# [WHAT IS NEEDED]
Print out the full material below, exact in every line, with no images included.

___ DATA

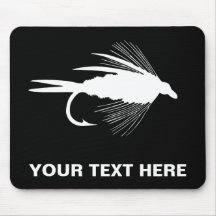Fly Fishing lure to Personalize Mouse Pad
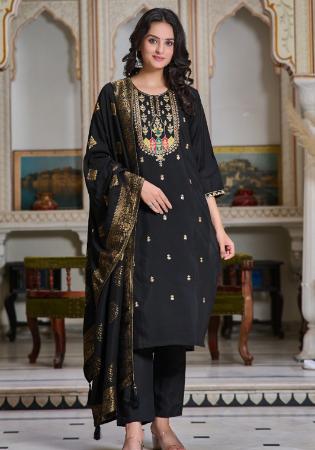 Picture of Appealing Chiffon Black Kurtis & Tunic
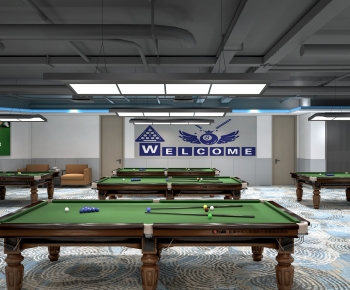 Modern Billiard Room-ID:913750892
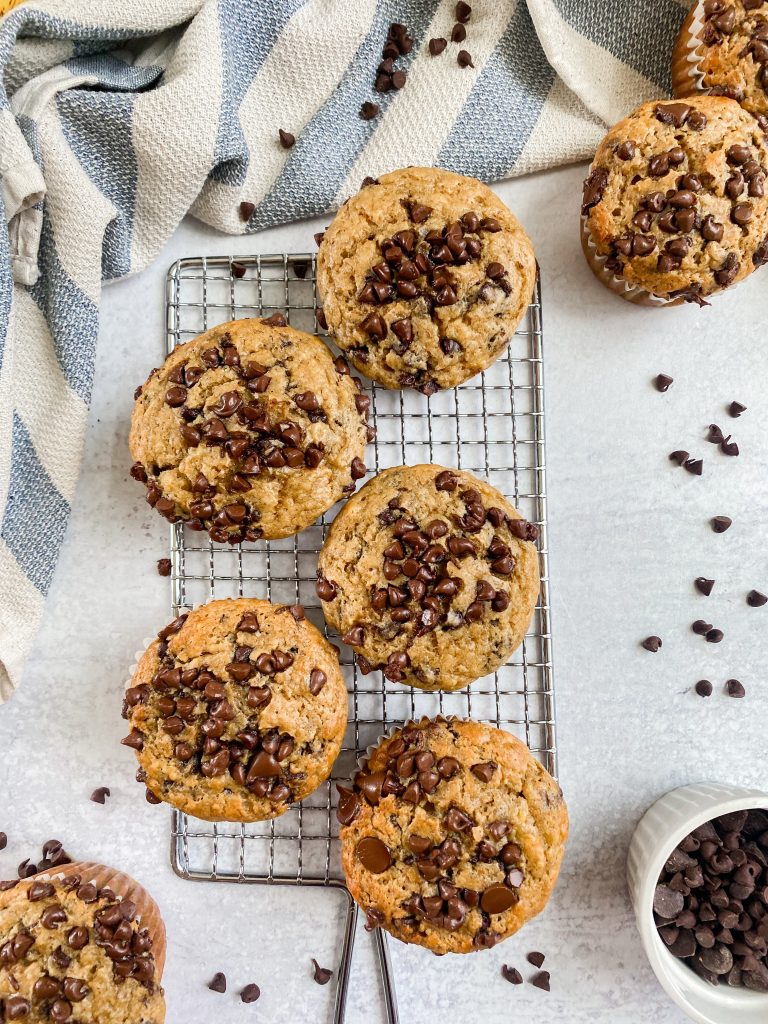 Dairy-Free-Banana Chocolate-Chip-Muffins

______

# [ANSWER SPACE]
Fly Fishing lure to Personalize Mouse Pad
 Picture of Appealing Chiffon Black Kurtis & Tunic
 Modern Billiard Room-ID:913750892
 Dairy-Free-Banana Chocolate-Chip-Muffins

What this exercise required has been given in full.